Oltre 4 anni tra speranze e delusioni con un'unica certezza, lo stabilimento Alcoa di Portovesme che impiegava, compreso l'indotto, circa 1000 lavoratori, resta chiuso 'intrappolato' in una vertenza per la sua cessione dai tempi infiniti e al momento in grave stand by. Uno stop che consegna una produzione strategica come quella dell'alluminio nel Sulcis all'inattività con conseguenze pesanti su un territorio che già vede una disoccupazione giovanile al 70% e una dura deindustrializzazione.

E' il gennaio del 2012 quando Alcoa formalizza al governo la volontà chiudere lo stabilimento di Portovesme e avvia la fase di scouting sui possibili acquirenti. Il nodo del costo dell'energia, che scandirà tutta la storia di questa vertenza, è però ancora da risolvere. Due gli offerenti che si affacciano subito al tavolo del Mise: Glencore e Klesh a cui si aggiunge, per poi tramontare rapidamente, l’opzione del Fondo tedesco Aurelius.

Il 31 agosto 2012 Alcoa predispone le procedure per iniziare la chiusura parziale degli impianti. Intanto le manifestazioni di interesse aumentano: a quella di Glencore, di Klesch e di Aurelius si somma quella di Kite Gen Research, un'azienda torinese. Il clima però a Portovesme comincia a surriscaldarsi e due operai sindacalisti, segretari della Fim-Cisl e della Fiom Cgil del Sulcis, Rino Barca e Franco Bardi, salgono per protesta quattro giorni su una delle torri dello stabilimento Alcoa.
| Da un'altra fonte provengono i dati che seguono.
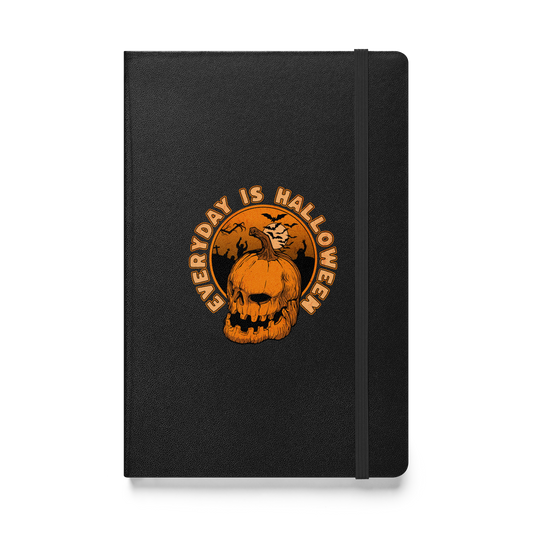 Eternal Halloween Hardcover Journal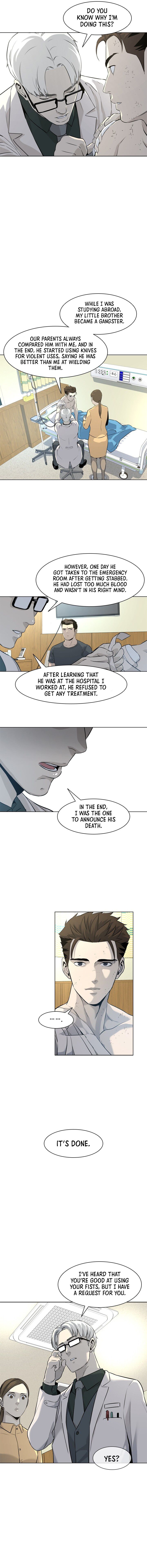 God Of Blackfield Chapter 15 - HolyManga.Net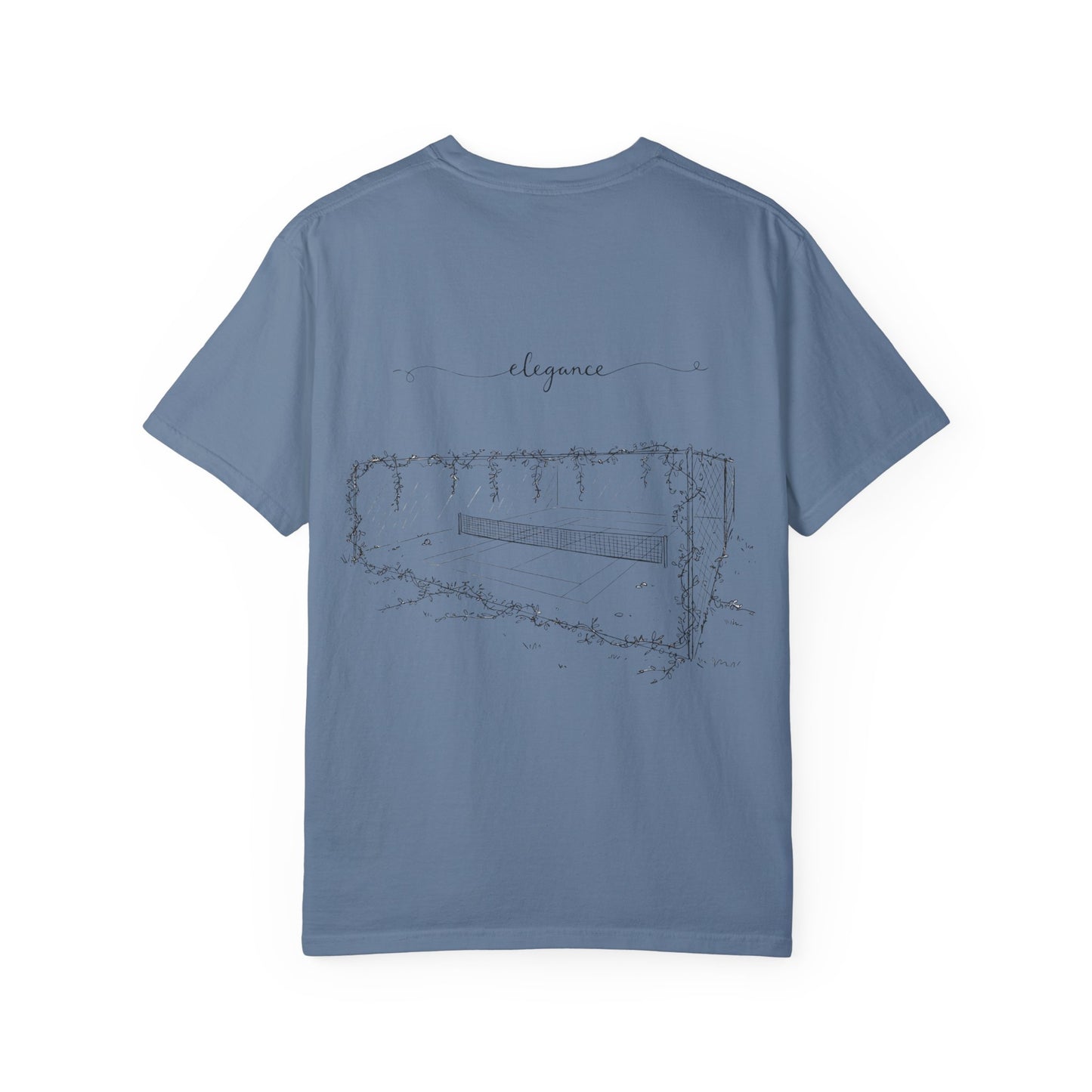The Elegance Court Tee - Mens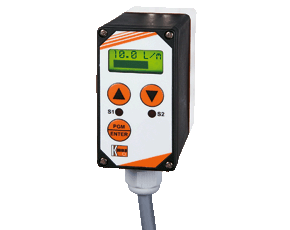 DFT - Caudalímetro de turbina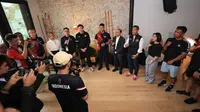 3 Hari Jelang Olimpiade 2024, Kontingen Indonesia Gelar Doa Bersama di Paris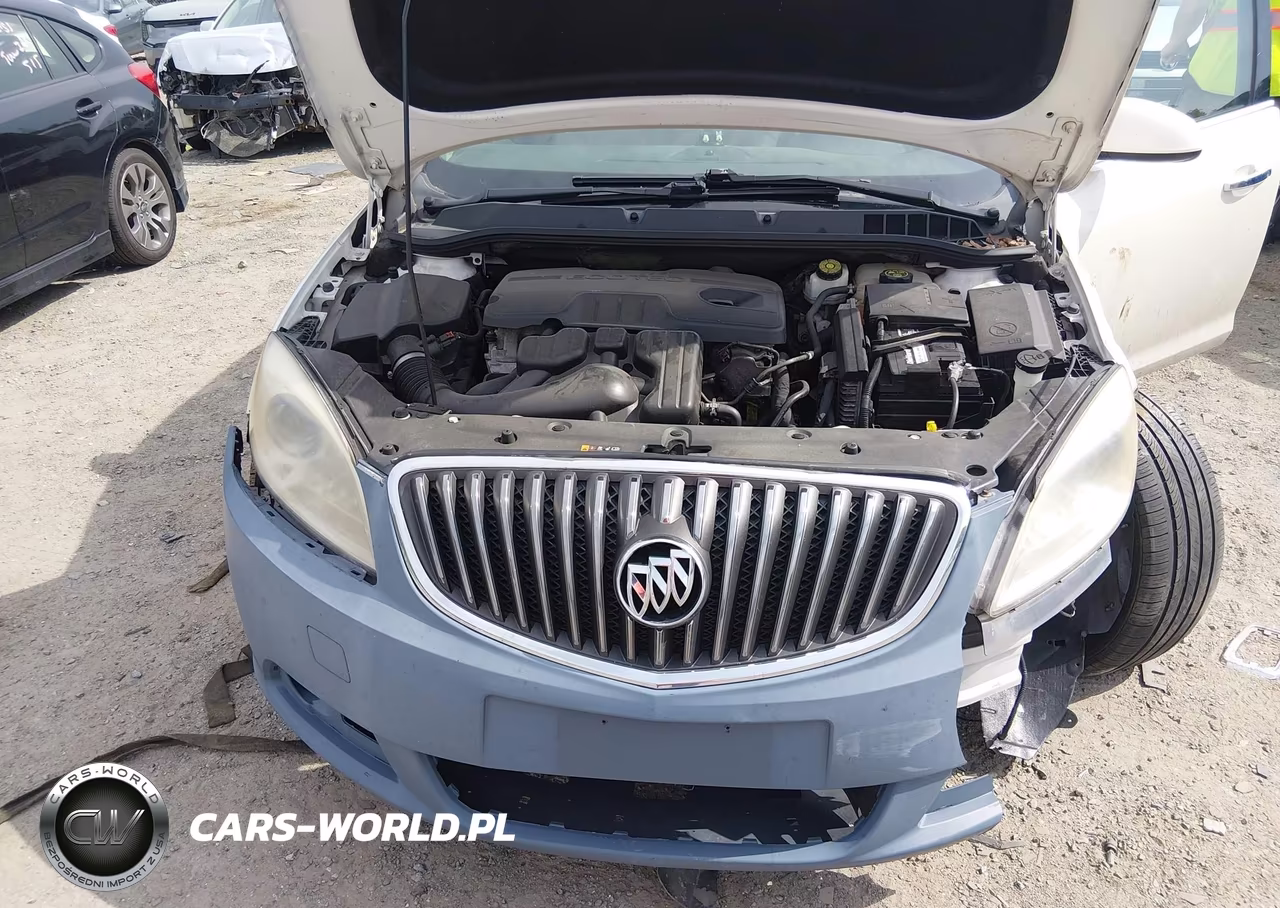 2014 Buick Verano Convenience Group VIN:1G4PR5SK0E4200064 - 10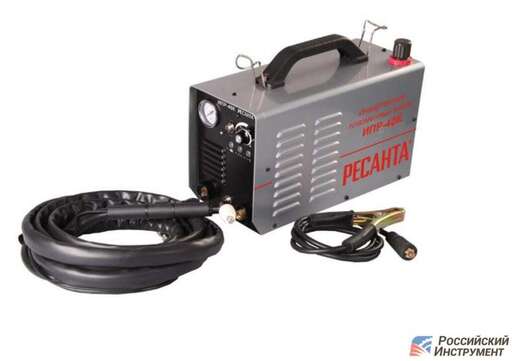 Изображение для Аппарат воздушно-плазменной резки Ресанта ИПР-40К (6.6 кВт, 1-12 мм, контактный поджиг) 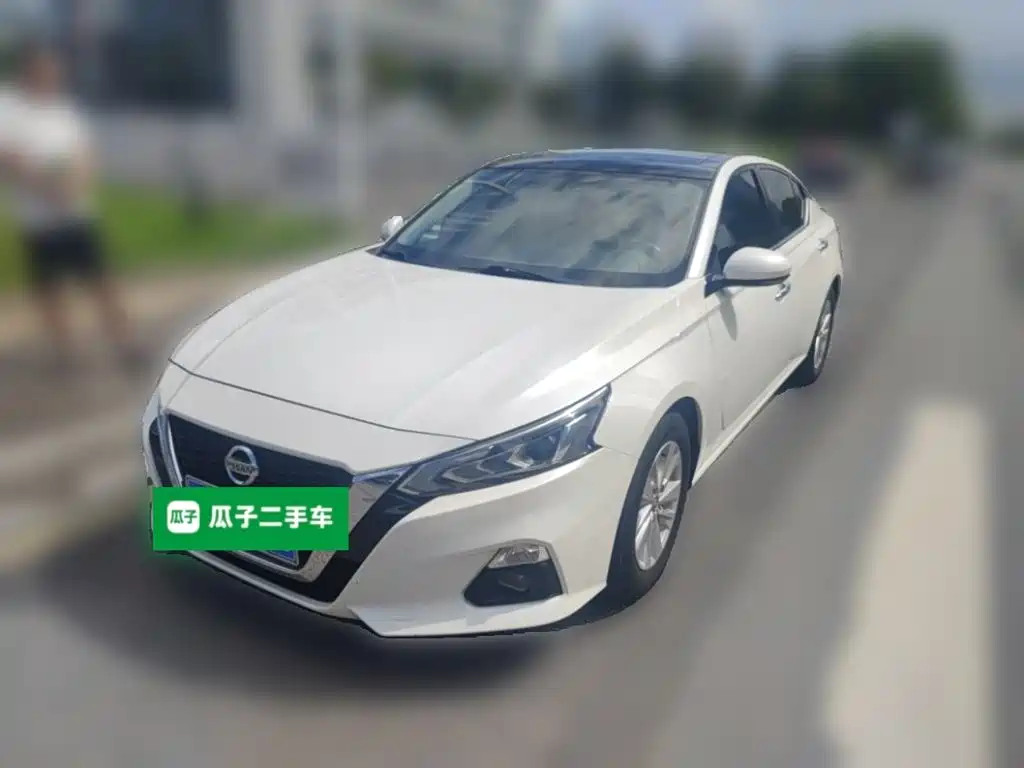 Nissan TEANA, миниатюра 2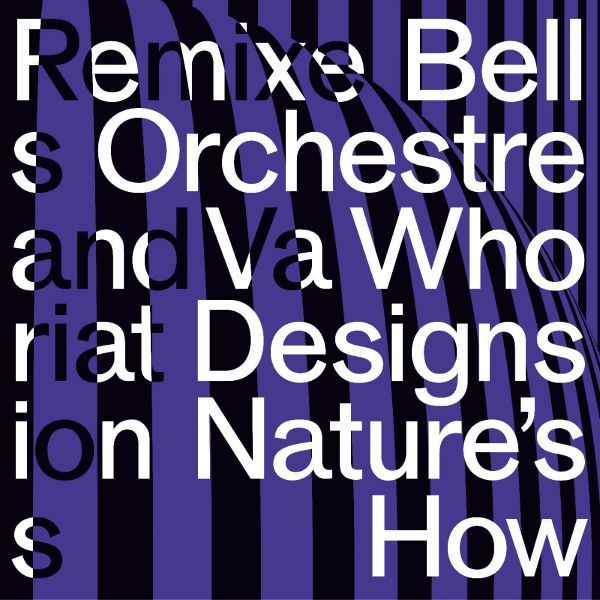 Who Designs Nature's How (CLEAR VINYL) [Vinyl]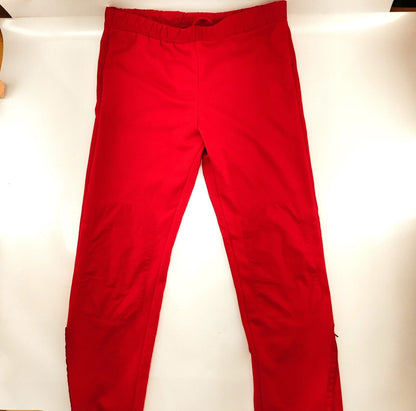 Vintage Serac Red Thermal Ski Set Shirt and Pants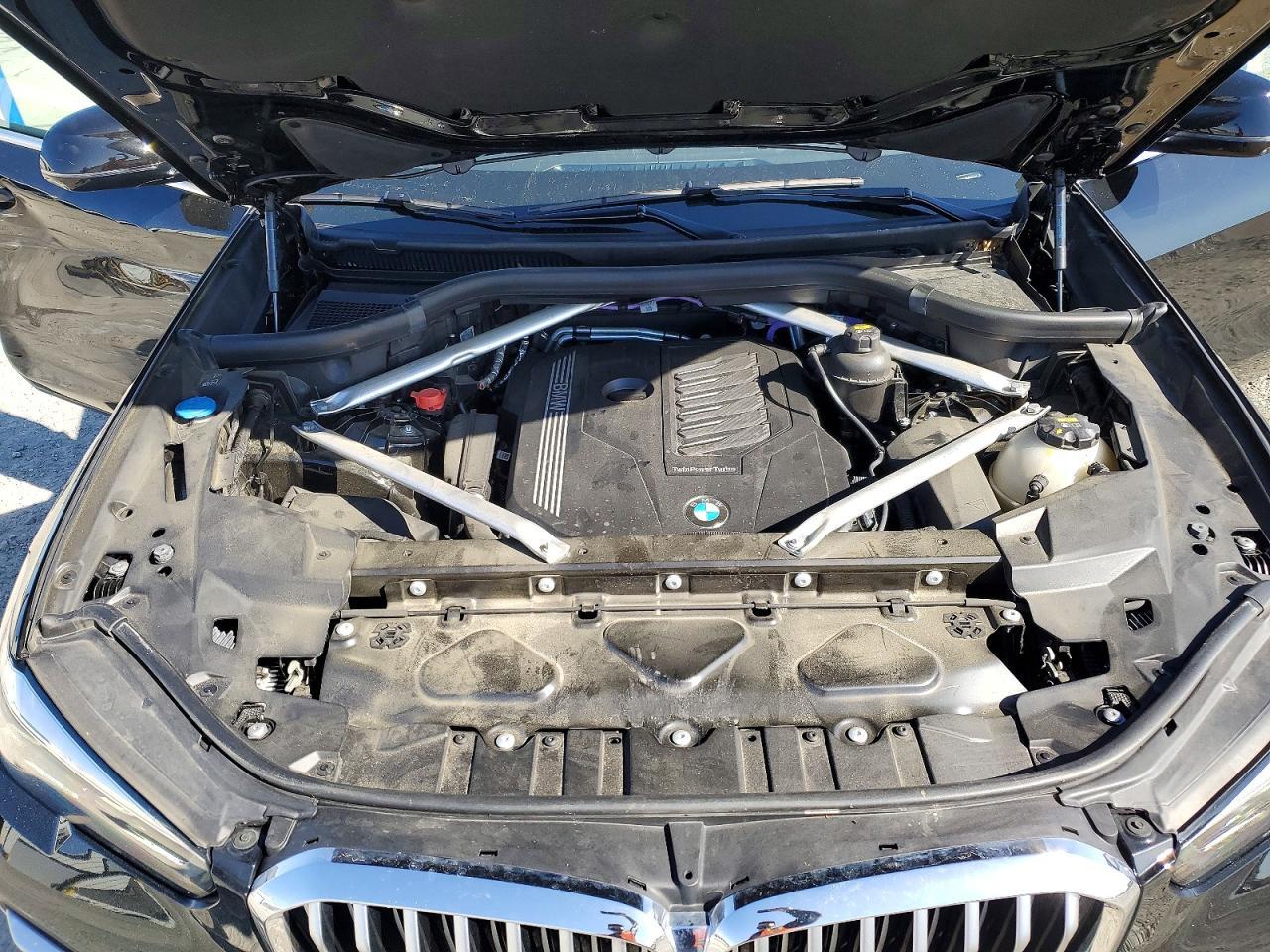 2021 BMW X5 Sdrive 40I - zdjęcie 12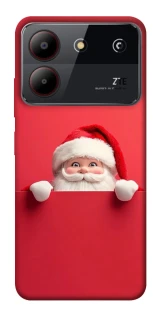 Чехол на ZTE Blade A54 4G Christmas mood ver.11 фото 1 из 1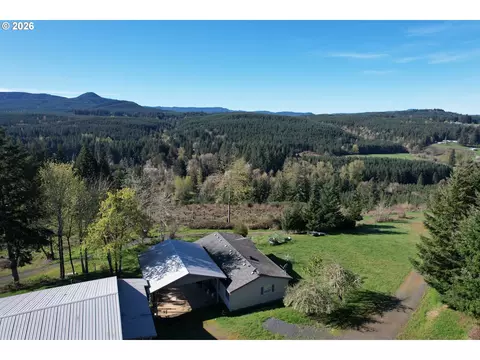 42255 Ames Creek Rd, Sweet Home, OR 97386
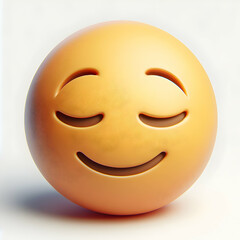 Fototapeta premium laughing emoji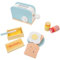 QUMIIRITY 1juego Cocina para Set De Electrodomésticos Simulados Juguete Educativo para y Desarrollo Infantil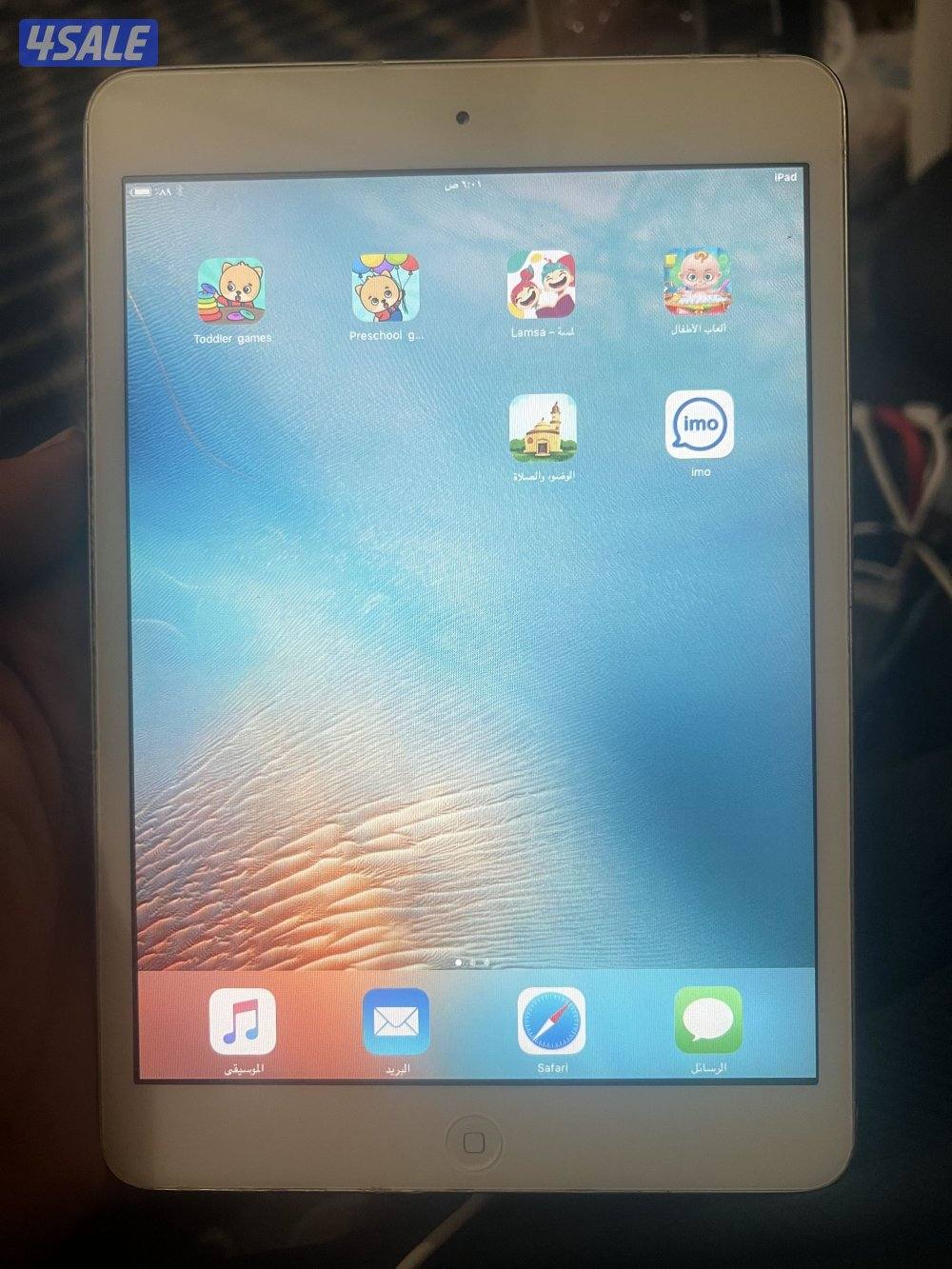 ايباد ابل ميني ١ ميني ٢ ١٦ جيجا1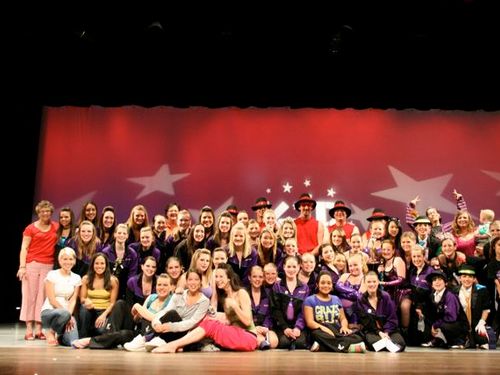 Colorado Springs, CO - 5/15/2009 - Awards
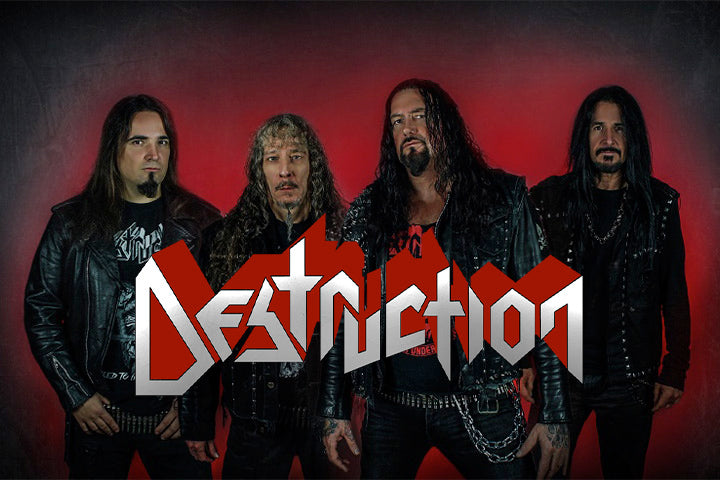 Destruction – Merchbucket.com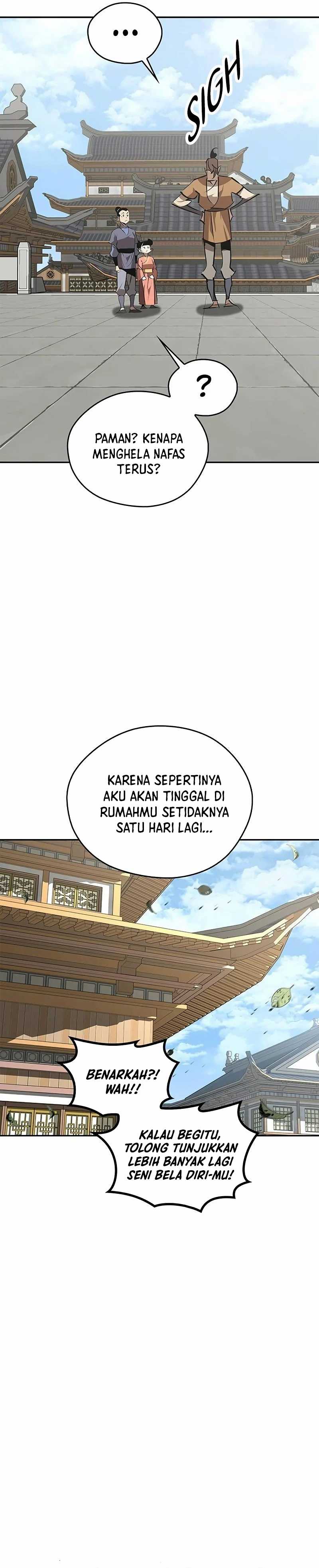 Martial Wild West Chapter 55 Gambar 12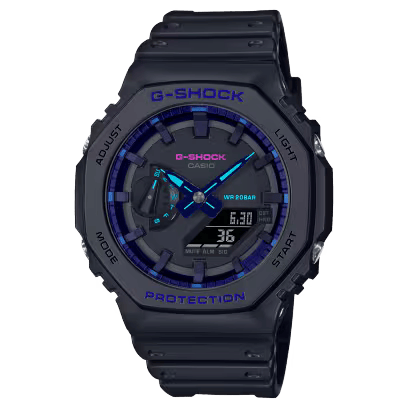 GA-2100VB-1A Ultimate Watch Store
A fine settembre 2012 arriva la doccia fredda: Glencore annuncia di non essere più interessata all’Alcoa di Portovesme ma che avrebbe accettato di sedersi al tavolo solo potendo pagare l’energia 25 euro MWh per 10 anni. Il 1 gennaio 2013 tutti i lavoratori sono messi in cassa integrazione, per 1 anno in attesa di acquirenti; al lavoro solo 30 diretti e 30 indiretti per manutenzione e sicurezza dell’impianto. Intanto riprende la trattiva per la Klesh-Alcoa mentre spuntano l'offerta di Sfirs, la finanziaria sarda chiamata a dare garanzie finanziarie sul passaggio dei fondi da Alcoa a Klesch e quella di Mossi e Ghisolfi per la produzione di bioetanolo di seconda generazione.

Nel giugno 2014 il Mise dice che in ballo per Alcoa c'è solo la proposta di Klesh che però ritarda a presentare un vero e proprio piano industriale. La trattativa entra in stallo mentre si continua a trattare anche con Glencore e Alcoa riduce il suo impegno sul personale impiegando 15 operai diretti e 15 indiretti per la manutenzione. A novembre 2014 si sigla a Palazzo Chigi il memorandum of understanding tra Glencore, Regione Sardegna, Presidenza del Consiglio e Mise. Il gruppo svizzero comunque chiede l'avvallo della Ue sul costo dell'energia mentre sulla questione proseguono i contatti tra esecutivo e Commissione Europea.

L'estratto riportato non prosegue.